Coding With Fun
Home Docker Django Node.js Articles Python pip guide FAQ Policy

The Python reptile entry case ---- voice broadcast weather forecast


May 31, 2021 Article blog


Table of contents


Hello, hello, I'm your dear w3cschool editor, and today I'd like to share with you a small case of Python reptiles getting started---- voice-broadcast weather forecast.

The function of this case is to use reptiles to crawl weather information in an area and print out voice broadcasts.

First, pre-preparation

The libraries to be used in this case are: requests, lxml, pyttsx3, which can be installed via the cmd command into the command prompt interface:

pip install requests

pip install lxml

pip install pyttsx3

Requests are more convenient than urllib and save us a lot of work. In a word (after using requests, you're basically reluctant to use urllib), requests are the easiest HTTP library that Python implements, and reptiles are recommended to use the requests library.

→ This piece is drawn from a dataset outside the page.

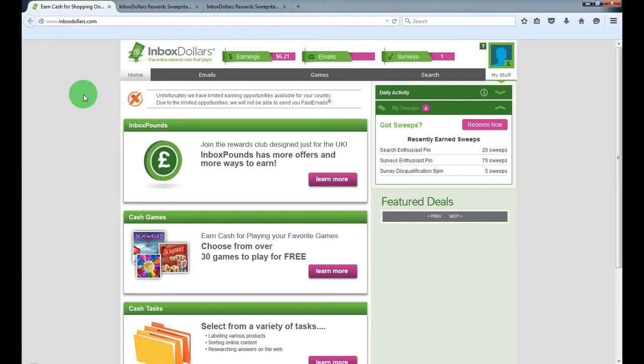Hello guys, today I'm going to show you a cool website called Inboxdollars.com where you can make money just doing simple tasks online.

lxml is a parsing library for Python, supports HTML and XML parsing, supports XPath parsing, and is highly efficient.

pyttsx3 is a Python package that converts text into speech, and unlike other Python packages, pyttsx3 can really convert text to speech. The basic usage is as follows:

import pyttsx3

test = pyttsx3.init()

test.say('hello w3cschool!')

# 关一, if there is no, the voice will not play

test.runAndWait()

If you're a linux system, pyttsx3 text-to-speech doesn't work. T hen you may also need to install espeak, ffmpeg, and libespeak1. The installation command is as follows:

sudo apt update && sudo apt install espeak ffmpeg libespeak1

A reptile is something about crawling a Web page, and understanding HTML can help you better understand the structure, content, and so on.

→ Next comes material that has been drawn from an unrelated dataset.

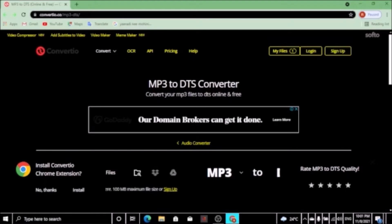There is an ad. Here is a great tool. We will go directly to this page. You can click here and see all these tools. Heading level two: convert your MP3 files to DTS online and free.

TCP/IP protocols, HTTP protocols, it's a good idea to understand and understand the basic meaning, so you can understand the basics of network requests and network transport.

Second, detailed steps

1, get request the destination URL

We first import the requests library and then use it to get the target page, and we are asking for Xiamen weather in the weather website.

import requests

# Send a request to the target URL address, return a Response object

resp = requests.get('https://www.tianqi.com/xaimen/')

# .Text is the page HTML of the Response object

print(resp.text)

Of course, with these three lines of code alone, it is very likely that the crawl can not get the page, showing 403, what does this mean?

 The Python reptile entry case ---- voice broadcast weather forecast1

A 403 error is a common type of network error that indicates that a resource is unavailable and the server knows the customer's request but refuses to process it.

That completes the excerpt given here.